Billy, a 25-year-old male Asian elephant, takes a shower in the waterfall… (Mark Boster / Los Angeles…)
Madeleine Kaufman got up at 4:30 a.m. Thursday, she was so eager to visit the elephants in their new exhibit at the Los Angeles Zoo. Seven hours later she was standing at a railing studying the behavior of the zoo's two female Asian elephants. Jewel was using her trunk to sprinkle her backside with hay. Tina wasn't.
Madeleine pointed at Tina. "She's not dirty yet," the 2 ½-year-old observed in a voice that might have signaled approval or maybe disappointment.
Jewel, oblivious, threw more hay on her head.
After years of controversy and more than a decade in the works, the L.A. Zoo's $42-million "Elephants of Asia" exhibit opened to the public Thursday. People and pachyderms — Billy, Tina and Jewel — finally got a chance to glimpse one another across the elaborate enclosure, the zoo's largest.
Instead of the old exhibit's half acre of dirt and concrete, the new enclosure offers 3.8 acres — sand, grassy hills, swimming pools, a waterfall. There's also a two-story barn with radiant-heated floors.
The public walkways wind through sections named for Asian countries — Cambodia, Thailand, China and India — with video presentations on conservation and fundraising efforts. A maze of flexible fencing allows zookeepers to cordon off one elephant or open gates and let one or more of them roam.

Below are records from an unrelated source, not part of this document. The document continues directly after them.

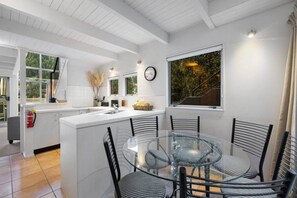 Dining - 5 minute flat walk to town, carparking and mountain views (Queenstown)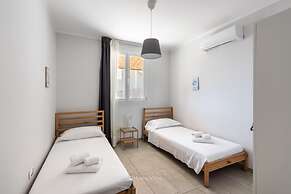 House Villas - Moon on the Sea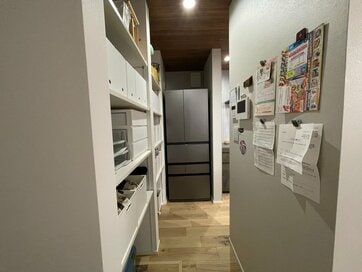 キッチン横の「ウォークスルーパントリー」でLDKがすっきり、家事ラクの間取りに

"For photography, it stinks: too many poles in the way," said Bernice Cauthey, training a mega-zoom lens on the zoo's 25-year-old Asian bull, Billy, who was standing on a grassy slope. "But it's big. The elephants should really like it."
Cauthey had brought her sister, her brother and her 103-year-old mother to opening day. All have been to India, where they saw elephants. "We come to the zoo quite often and we've been watching this develop for — what? Two years?"
More. Over the last five years alone, the zoo's elephant exhibit has been scrutinized by the City Council and the mayor's office, opposed by animal welfare advocates — who argued that it would never be big enough for the world's largest land mammal — and doggedly championed by zookeepers and officials who insisted that the exhibit would both meet the pachyderms' needs and provide crucial education about conservation efforts in the wild.
On Thursday, several longtime animal-welfare advocates showed up to get a firsthand look.
They watched as Billy stood bobbing his head — behavior that welfare advocates say is a sign of zoo-induced stress.
Catherine Doyle, elephant campaign director for In Defense of Animals, praised some of the exhibit's features. "I'm so happy to see Billy with a water feature," said Doyle. "I'm pleased he has to walk up hills — that the exhibit is not all flat."
She wasn't happy about the fencing, though. "I see a lot of fragmented spaces. The zoo boasted about all this space, but it seems a shame they don't have access to it all."
But Jennie Becker, the zoo's curator of mammals, said the fencing gateways allow numerous ways to open the space for the elephants. "There's a lot we can do," said Becker, noting that Billy's enclosure is so extensive that from the area near the Cambodia pavilion "he can walk all the way to India." (She meant the so-named sector of the elephant exhibit.)
As for the fence poles that were marring Cauthey's photos, Becker noted that various vantage points offer different views. Near his waterfall and pool, Billy is dramatically close to visitors.
Becker said the zoo's latest additions, Tina and Jewel — who arrived from the San Diego Zoo last month — "seem really relaxed.... Tina and Jewel are so vocal, they talk to each other." Long bonded with each other, they are now curious about Billy. "They vocalize whenever they're near him."
Tina is between 37 and 44 years old, Jewel between 42 and 47. Though beyond their mating years, they're on birth control, Becker said.
The females are kept together — and separate from Billy. But that may change, which might make Billy happy.
"He's very interested in the girls," said Becker.